Even if each of us can ultimately use detectors to parse the Internet, there will always be a lag between lies and truth. That is one reason why halting the spread of fake video is a challenge for the social media industry. “This is as much a distribution problem as it is a creation problem,” Edelman says. “If a deepfake falls in the forest, no one hears it unless Twitter and Facebook amplify it.”

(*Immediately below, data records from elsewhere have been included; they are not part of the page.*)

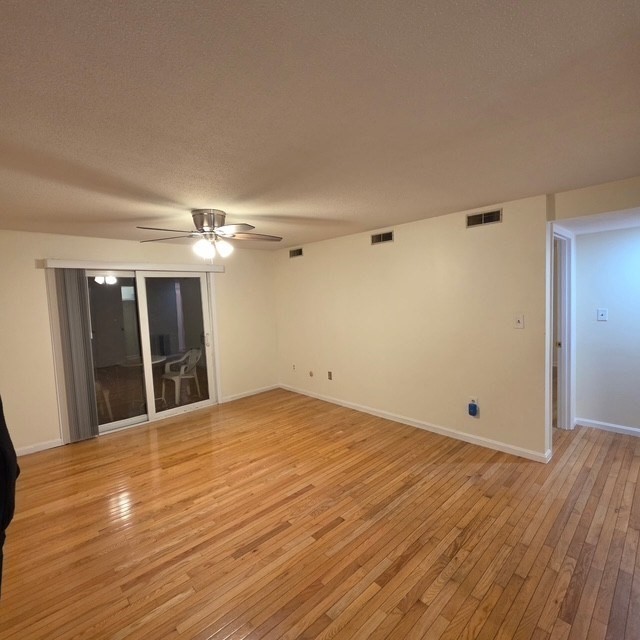5 Pilgrim Circle # F Property Photo 6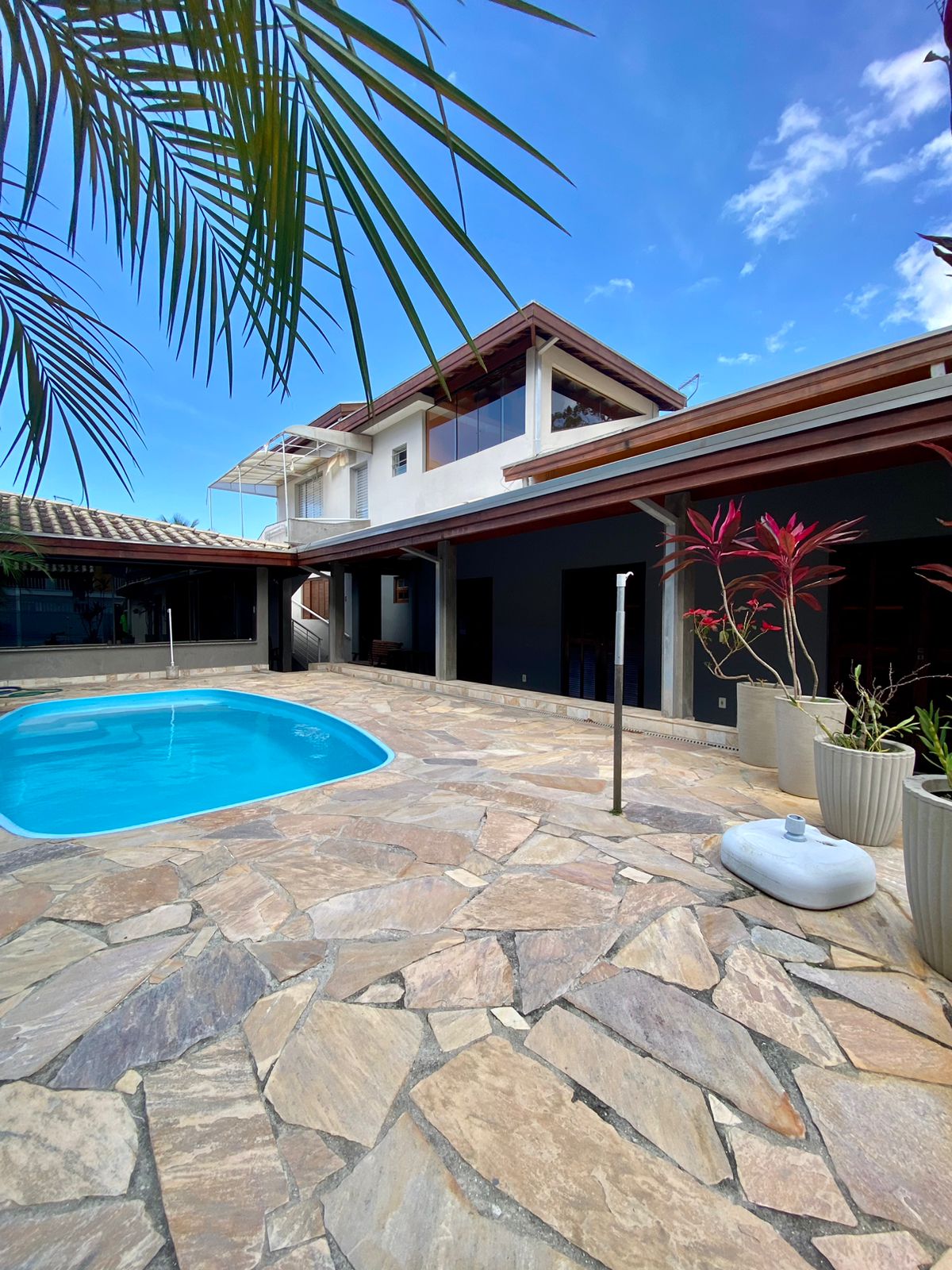 Imagem Casa de Condomínio com 4 Quartos à Venda, 160 m²em Massaguaçu - Caraguatatuba Imagem Casa de Condomínio com 4 Quartos à Venda, 160 m²em Massaguaçu - Caraguatatuba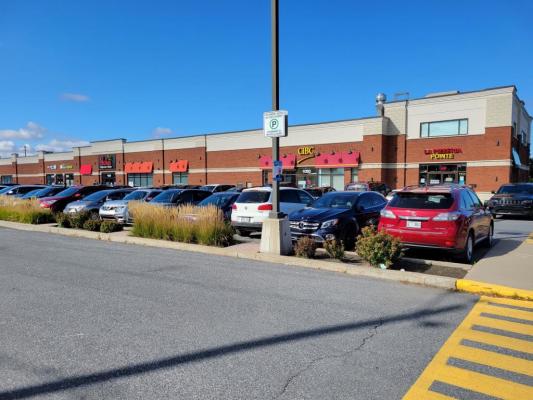 Large Office 2nd Floor on Taschereau in La Prairie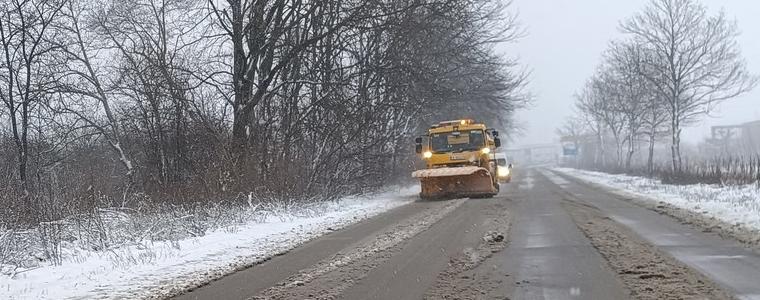 Пътищата са обработени и проходими, но шофирайте с повишено внимание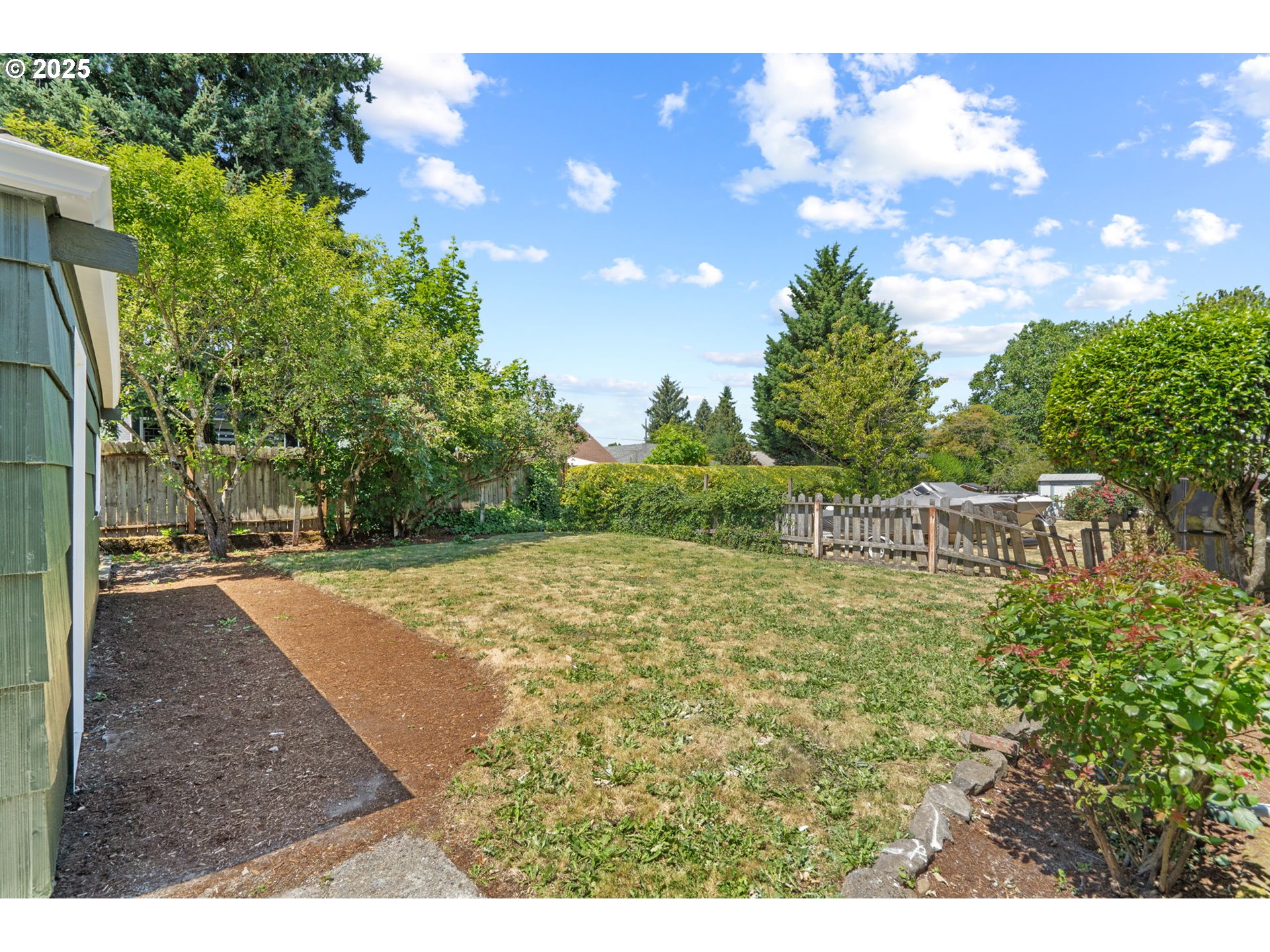 6105 NE 18TH AVE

When it comes to curbing viral disinformation, it is not clear what the legal obligations are for social media companies or whether the industry can be regulated without trampling free speech. Facebook CEO Mark Zuckerberg finally admitted that his platform has played a role in spreading fake news—although it took more than 10 months following the 2016 election. Facebook, after all, was designed to keep users consuming and spreading content, prioritizing what is popular over what is true. With more than two billion active monthly users, it is a tinderbox for anyone who wants to spark an enraging fake story.

Since then, Zuckerberg has promised to act. He is putting some of the burden on users by asking them to rank the trustworthiness of news sources (a move that some see as shirking responsibility) and plans to use AI to flag disinformation. The company has been tight-lipped on the details. Some computer scientists are skeptical about the AI angle, including Farid, who says the promises are “spectacularly naïve.” Few independent scientists have been able to study how fake news spreads on Facebook because much of the relevant data has been on lockdown.

Still, all the algorithms and data in the world will not save us from disinformation campaigns if the researchers building fake-video technology do not grapple with how their products will be used and abused after they leave the lab. “This is my plea,” Persily says, “that the hard scientists who do this work have to be paired up with the psychologists and the political scientists and the communication specialists—who have been working on these issues for a while.” That kind of collaboration has been rare.

In March 2018, however, the Finnish Center for Artificial Intelligence announced a program that will invite psychologists, philosophers, ethicists and others to help AI researchers to grasp the broader social implications of their work. A month later Persily, along with Gary King, a political scientist at Harvard University, launched the Social Data Initiative. The project will, for the first time, allow social scientists to access Facebook data to study the spread of disinformation.

With a responsibility vacuum at the top, the onus of rooting out fake videos is falling on journalists and citizen sleuths. Near the end of the deepfake video of Obama and Peele, both men say: “Moving forward, we need to be more vigilant with what we trust from the Internet. It’s a time when we need to rely on trusted news sources.” It may have been a fake, but it was true.